(Scraped caption text data)
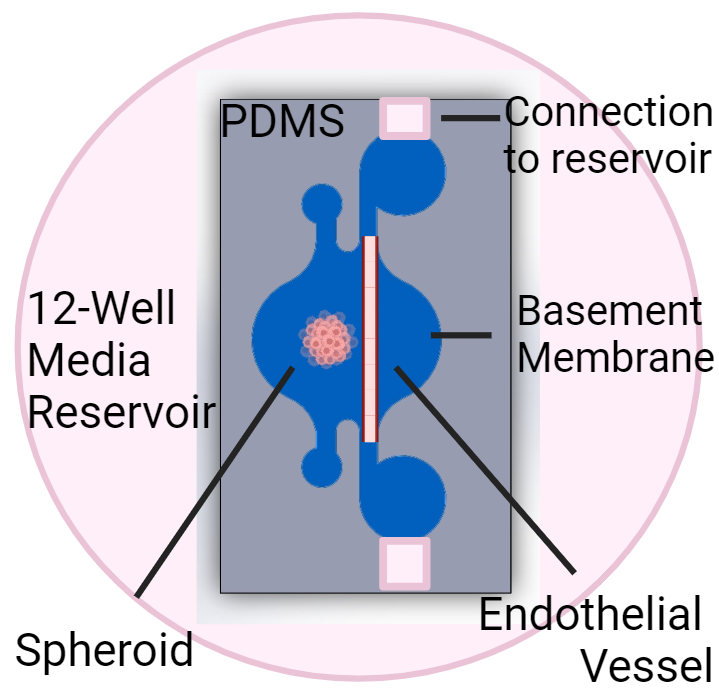 tumor on a chip model showing PDMS, 12-well media reservoir, spheroid, connection to reservoir, basement membrane, endothelial vessel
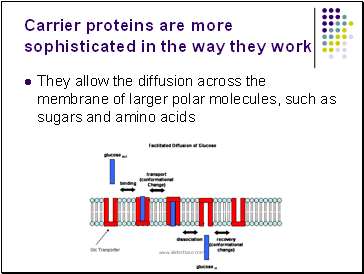 Carrier proteins are more sophisticated in the way they work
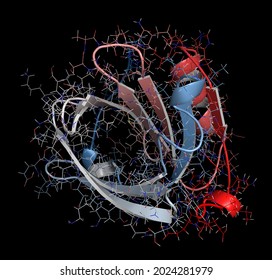 Bovine Beta-lactoglobulin Protein, 3D Structure  Major Whey Protein, Present In Cow Milk  Important Food Allergen  Cartoon   Wireframe Representation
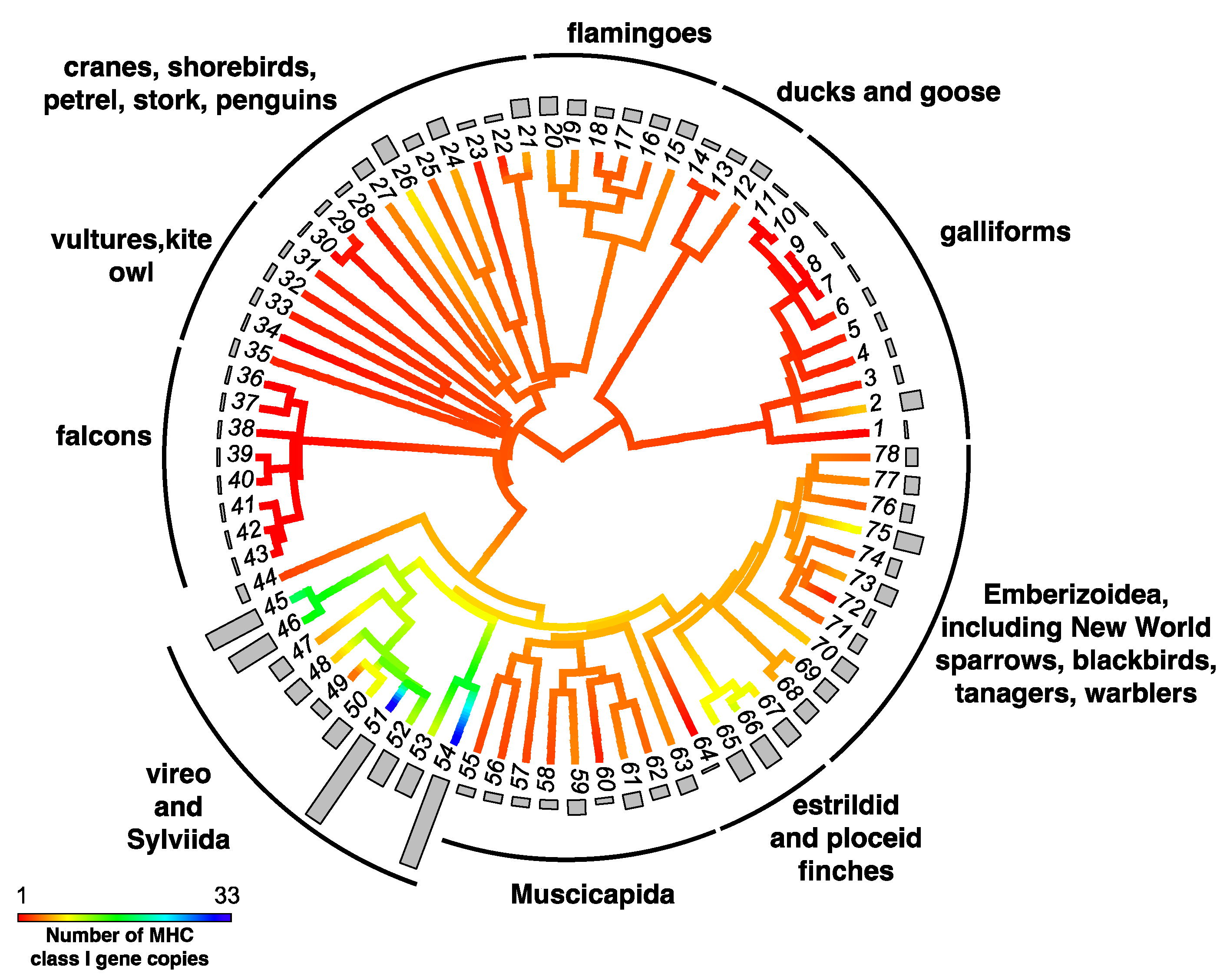 Cells 08 01152 g002 Cells 08 01152 g002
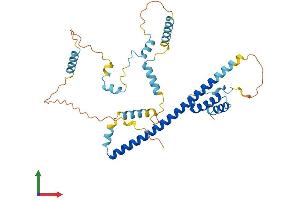 AlphaFold protein structure predicition of Mouse Recombinant Fez2 Protein, UniprotID Q6TYB5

GOAL OF THE EXERCISE >>
Transcription of the lines from the one with "Carrier proteins are" through the end of the entries is required, exact and with no pictures.

RESULT >>
 Carrier proteins are more sophisticated in the way they work
 Bovine Beta-lactoglobulin Protein, 3D Structure  Major Whey Protein, Present In Cow Milk  Important Food Allergen  Cartoon   Wireframe Representation
 Cells 08 01152 g002 Cells 08 01152 g002
 AlphaFold protein structure predicition of Mouse Recombinant Fez2 Protein, UniprotID Q6TYB5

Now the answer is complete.